Jewelled pig-shaped evening bag sells at auction for over €126,000
The unusual gem-set gold mesh purse by Lacloche Freres (Sotheby’s/PA)
An eccentric pig-shaped diamond and ruby evening bag has sold for more than £109,000 (€126,477) at auction.
The unusual purse – which went for 44 times more than expected – formed part of a huge sale of glittering jewellery and antique heirlooms which belonged to the late Countess Mountbatten of Burma.
The high society treasures fetched a total of over €5.8 million at Sotheby’s on Wednesday.
Patricia Knatchbull, the 2nd Countess Mountbatten of Burma, who died in 2017, was a first cousin of the Duke of Edinburgh, a great-great-granddaughter of Queen Victoria and a great niece of Russia’s last Tsarina.
She was the daughter of Earl Mountbatten – the last Viceroy of India – who was murdered by the IRA in 1979, and his wife Edwina.
Among the 385 lots was the Banks diamond brooch which sold for £138,600 (€160,800).
The piece – which originally belonged to the explorer and botanist Joseph Banks – is set with a cushion-shaped yellow diamond, and was estimated to fetch up to £60,000 (€69,600).
The historic jewel was passed down through the Knatchbull Baronets.
The Lacloche Freres ruby and diamond evening mesh bag in the shape of a pig sold for £109,620 (€127,196) – 44 times its estimate of between £2,000 and £3,000.
The unusual purse features eyes set with cabochon rubies, a tail and trotters made of rose-cut diamonds and a spine of cushion-shaped diamonds.

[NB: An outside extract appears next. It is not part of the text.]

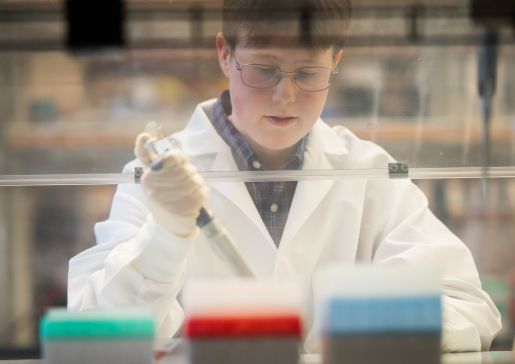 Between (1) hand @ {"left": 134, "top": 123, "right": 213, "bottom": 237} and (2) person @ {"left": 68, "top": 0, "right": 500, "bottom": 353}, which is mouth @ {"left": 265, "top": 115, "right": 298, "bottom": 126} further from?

It belonged to the Countess’s mother Edwina, the 1st Countess Mountbatten of Burma.
The Mountbatten family loved animals and had a menagerie of pets wherever they lived, including a horse gifted to Edwina and Louis Mountbatten by the Maharajah of Jaipur for their wedding, and a lion cub that Edwina brought home from South Africa when Patricia was 13.
Sotheby’s said 1,400 bidders registered from 55 countries for the auction.
Queen Victoria’s mourning jewels – a button, brooch and two pendants – some containing locks of hair sold for a combined total of £100,800 (€116,900).
The items were said to have brought solace to Victoria following the death of her mother and three of her nine children.
They included a banded agate and diamond pendant commissioned by Prince Albert in 1861 with a miniature photograph of the Duchess of Kent and a lock of hair which sold for £32,760 (€38,000).